The warning flag only appears when reads actually support the decomposed representation better. If the original variant gets more ALT support, it's used as-is with a normal PASS status. This makes the approach safe — it never blindly corrects variants.

Real-World: SOX2

SOX2 at chr17:181430901: CCCCCC→T (6bp→1bp, net −5bp). Original count: alt=3. Corrected CCCCCC→CCCCT count: alt=79. Corrected wins → validation_status = PASS_WARN_HOMOPOLYMER_DECOMP.
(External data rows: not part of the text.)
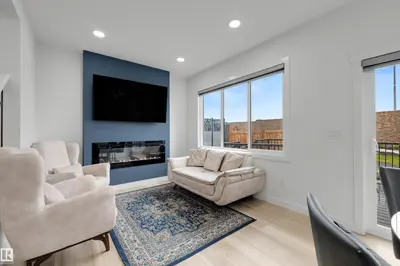 Interior photo 4 of 3173 CHECKNITA WY SW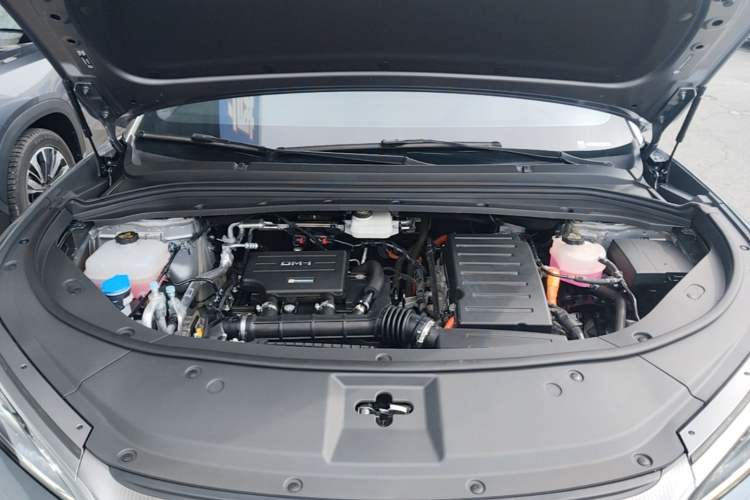 Used BYD Song L DM-i 2025 Intelligent Driving Version 160 km Beyond-Range Type Engine Bay
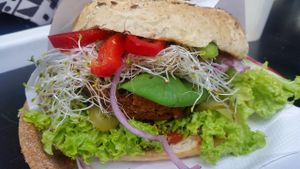 imcredible vegan burger at Krowarzywa - Hoza in Warsaw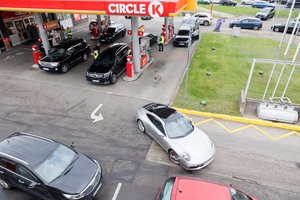 Džiaugiasi planais mažinti kuro akcizą, bet pasigenda ilgalaikių sprendimų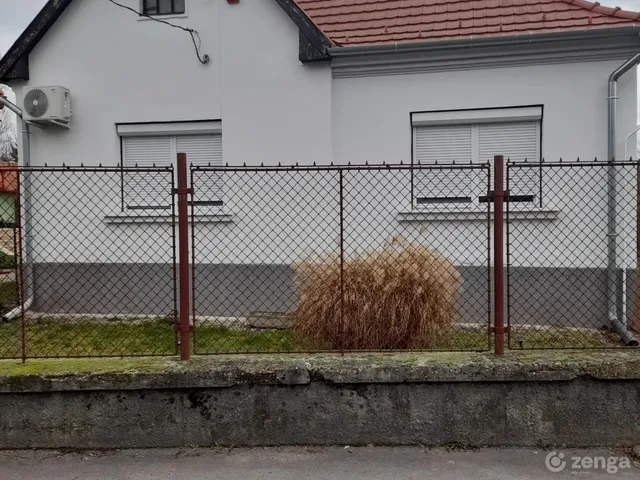 Eladó ház Győr, Szabadhegy 100 nm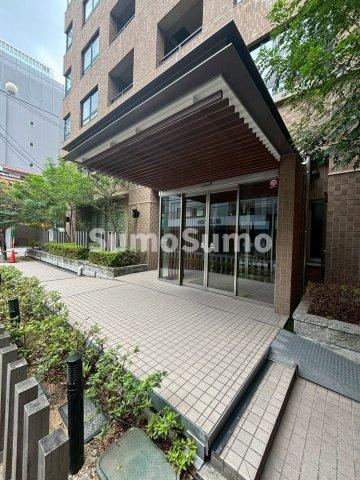 アーバンライフ御堂筋本町タワーのエントランス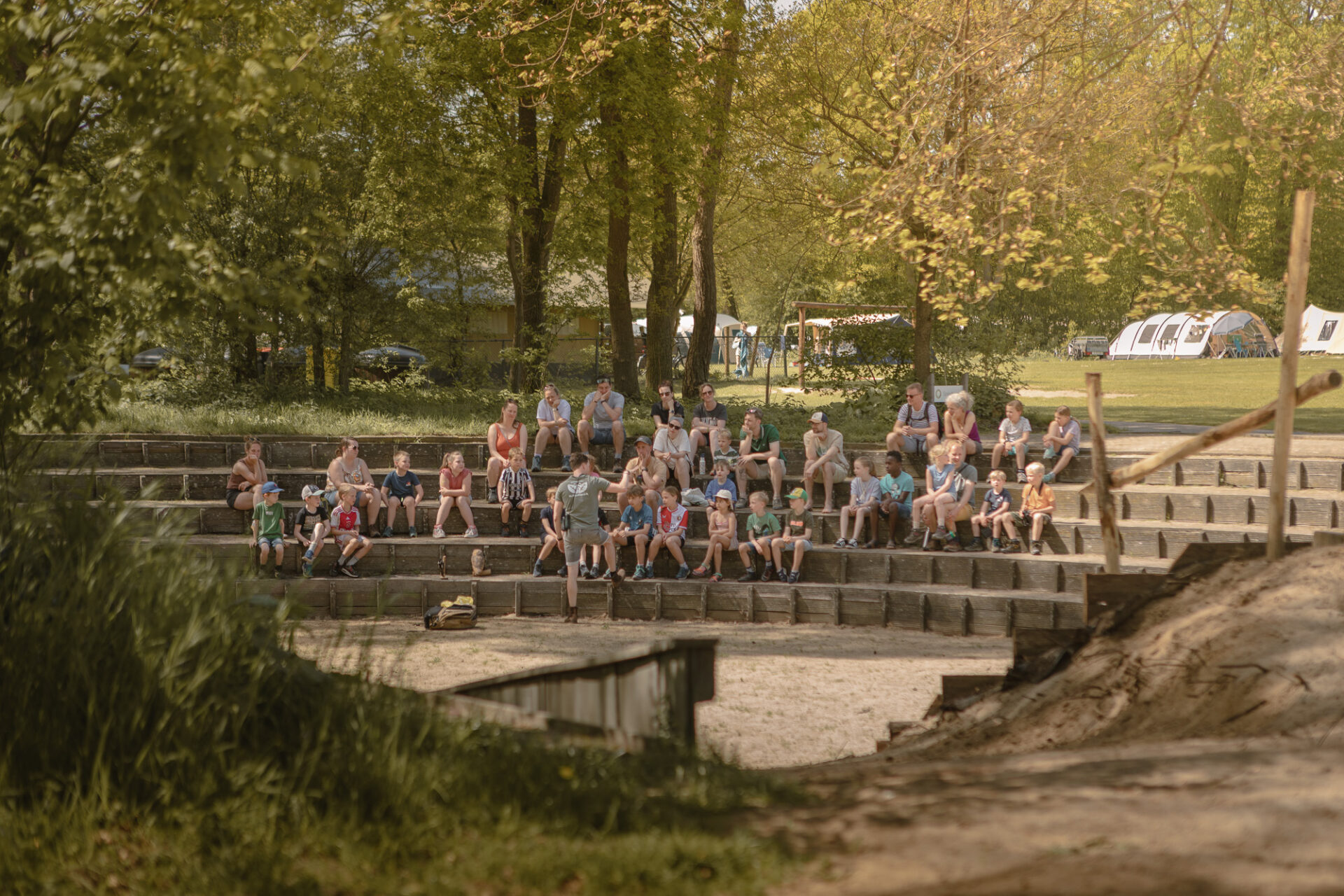 Bioloog Marijn in buitentheater van Lemeler Esch met kinderen en volwassenen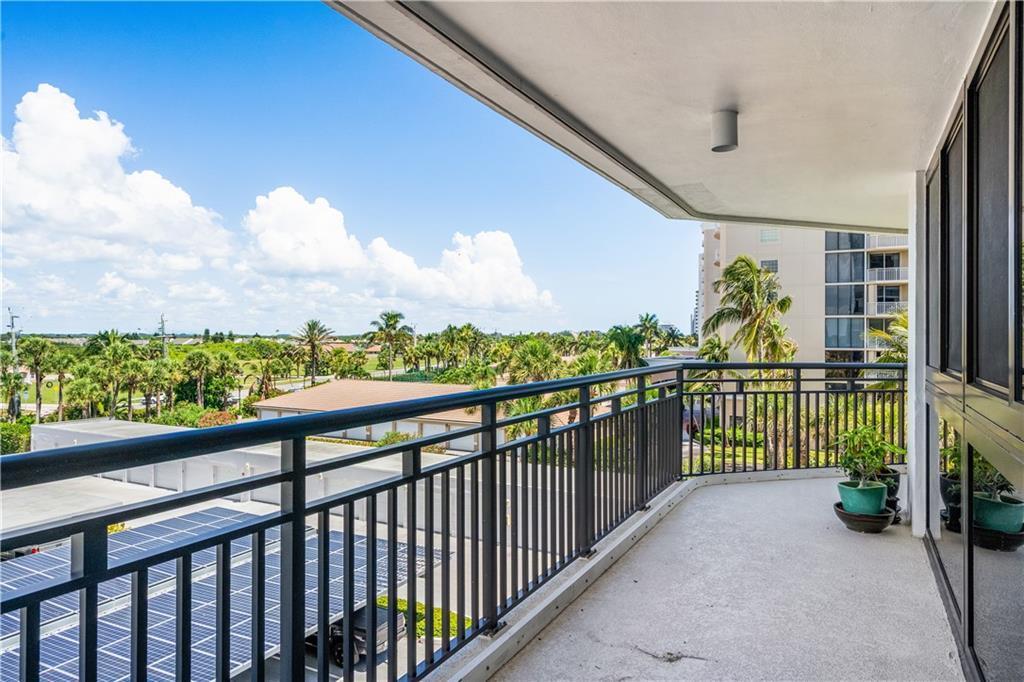 BARCLAY BEACH CLUB PHASE - Residential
Validation Status Reference

Every PreparedVariant carries a validation_status string:

Status Meaning Counted?
PASS REF matches FASTA exactly
PASS_WARN_REF_CORRECTED REF ≥90% match; corrected to FASTA REF
PASS_WARN_HOMOPOLYMER_DECOMP Passed, but corrected allele was used (see above)
PASS_MULTI_ALLELIC Passed, variant overlaps another variant at the same locus (sibling ALT exclusion active)
REF_MISMATCH REF allele <90% match against reference genome
FETCH_FAILED Could not fetch reference region

Filtering Behavior

The pipeline filters on validation_status.startswith("PASS"), so all PASS and PASS_WARN_* variants proceed to counting. REF_MISMATCH and FETCH_FAILED variants are logged as rejected.


Limitations

  1. Left-alignment only — gbcms left-aligns but does not right-align. If your input is right-aligned, the windowed scan (±5bp) may still catch it, but left-alignment is recommended.
  2. Dynamic normalization window — Starting at 100bp, the window automatically doubles (up to 2500bp) when a variant shifts to the window edge. In practice, this covers even variants in centromeric/telomeric repeats. Variants shifted beyond 2500bp won't be corrected.
  3. Homopolymer detection is conservative — only triggers for homopolymer REF ≥3bp with a clear D(n)+SNV pattern. Other miscollapsed events are not detected.